Life after imprisonment couldn’t be the same as before for my colleagues and myself. I have lost all the trust on the government’s either capacity or willingness to protect its people’s wellbeing. I have read a lot of government sponsored lies written on state-owned Addis Zemen newspaper against the Zone 9 blogging collective to which I am a co-founding member and to which we were targeted of ‘enemies of the government’. My friends and I are living a tragedy. We can’t be anywhere we want for we don’t have the luxury of being considered commoners, but dissidents from whom the government is looking a mistake to throw back to jail.

Some people tell me the countless migration of Ethiopians at risky routes is motivated by economic challenges; I say the economic challenge is the foster child of political failures. The same kind of people tell me prisoners were killed when they try to escape a prison that had caught fire; they also tell me people died in stampede during a protest in a religious festival where government in the country fired tear gas. I disagree because the cause of deaths in either incident is irresponsible acts of government forces. I don’t just blame the helpless victims. The attempt to justify such kind of things drives me emotionally mad. It drives me mad because it could have been me who has drowned in an ocean or who got executed by some terrorists in Sahara desert; it could have been me who has been burned down into ashes or who has been killed in the stampede. I feel the pain because I know it all comes to me yet before a while. And, I don’t hate (even like) my emotionality because it is what makes me human.

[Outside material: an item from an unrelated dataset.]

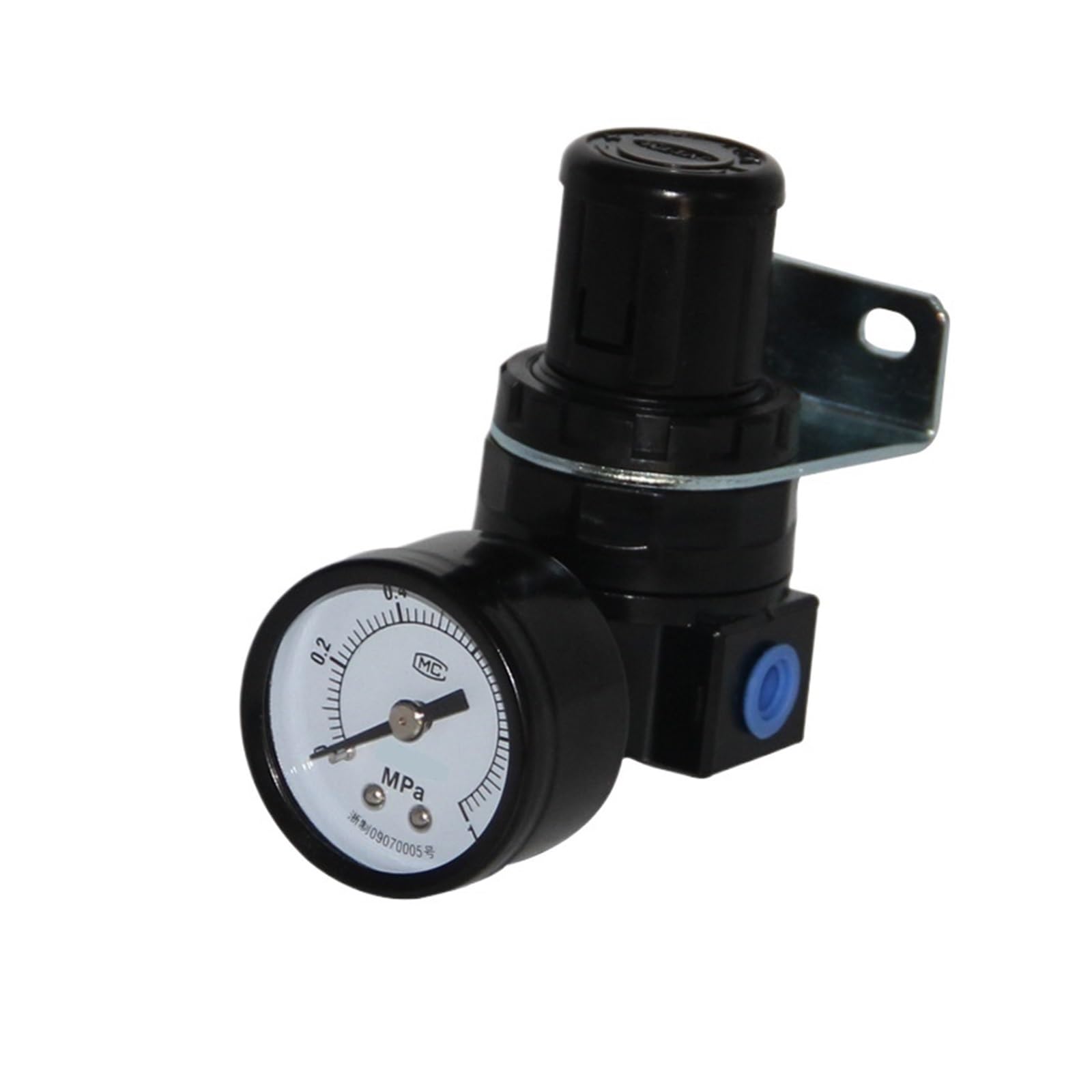 Filtro Aria Compressa Sorgente d'Aria pneumatica Originale SR200-08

I get angry, then sad, then frightened. I became more vulnerable than before and more than an average person. This is the life of mine and my friends. We were raised in a way to end up dissidents. We are emotionally affected. In fact, we can’t have humanity without being emotional.

Now, the government in Ethiopia has declared a ‘state of emergency’ that lasts in six months. As ‘the usual suspects’ because of our dissents, my friends and I are scared more than before. It has always been a risky thing to criticize the government here. Furthermore, this declaration has given the government the right to arrest us even without an excuse. I’m publishing this personal note as a blog because I am afraid I may be arrested sometime soon. If so I want people read me and understand me. I want people to also understand my likes to understand the desperate protests in Ethiopia. It’s an attempt to survive as human with dignity.